The development targets low-end and mid-range mobile devices which are not certified or cannot enable AR technology, due to device compatibility and operating system constraints. It adapts to low quality camera resolutions, lack of IMU data outputs, network connectivity as well as limited memory and CPU/GPU capabilities. To meet these constraints, two objectives are set: (i) fast and reliable pose estimation exclusively based on feature-based image matching; and (ii) high-performance rendering and qualitative visualization of complex 3D data. For the first objective, two combinations of feature detectors and binary descriptors are evaluated using two different parameterizations. The second objective is accomplished by explicitly managing the time and computations spent on vertex and texture data using vertex data organization, optimized vertex and index buffers, instancing, texture compression and synchronization primitives at run-time.
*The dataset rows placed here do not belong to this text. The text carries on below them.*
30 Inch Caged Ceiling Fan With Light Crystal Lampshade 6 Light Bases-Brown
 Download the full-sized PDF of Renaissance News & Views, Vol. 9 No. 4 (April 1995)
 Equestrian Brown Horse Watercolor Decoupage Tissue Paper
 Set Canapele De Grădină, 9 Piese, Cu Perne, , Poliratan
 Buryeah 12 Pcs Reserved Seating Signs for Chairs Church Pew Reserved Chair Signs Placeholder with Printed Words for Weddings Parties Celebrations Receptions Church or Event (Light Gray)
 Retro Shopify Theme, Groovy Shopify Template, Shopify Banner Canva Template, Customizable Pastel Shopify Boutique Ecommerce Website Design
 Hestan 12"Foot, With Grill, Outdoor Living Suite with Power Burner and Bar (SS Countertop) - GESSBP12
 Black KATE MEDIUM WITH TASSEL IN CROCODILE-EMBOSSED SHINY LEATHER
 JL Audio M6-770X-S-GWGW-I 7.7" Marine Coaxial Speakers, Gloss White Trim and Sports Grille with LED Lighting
The main contributions of this article may be summarized as follows:
lightweight AR system for inspection and interaction with 3D objects for both indoors and outdoors;
precise runtime planar surface recognition through feature-based image matching with native C++ code and no dependency on AR SDKs or additional software;
3D OpenGL ES graphics engine dedicated to textured 3D models of OBJ format leveraging workload distribution on multi-core CPUs;
testing and systematic analysis of the performance of well-established feature detectors and binary descriptors for low-end and mid-range devices regarding computational time, CPU usage and robustness to changes of scale, rotation and lighting;
investigation of the optimal combination of vertex data rendering and management, synchronization and texture compression techniques for complex geometries.
The remainder of this article is structured as follows.
Section 2 reviews the state-of-the-art in OpenCV-based MAR applications, feature detectors and binary descriptors along with evaluation studies for MAR applications and 3D volume rendering techniques.
Section 3 presents the main concepts and methodology of the MAR system implemented with pure computer vision algorithms and OpenGL ES graphics API operations. In
Section 4 the system architecture and the ModAR prototype are presented.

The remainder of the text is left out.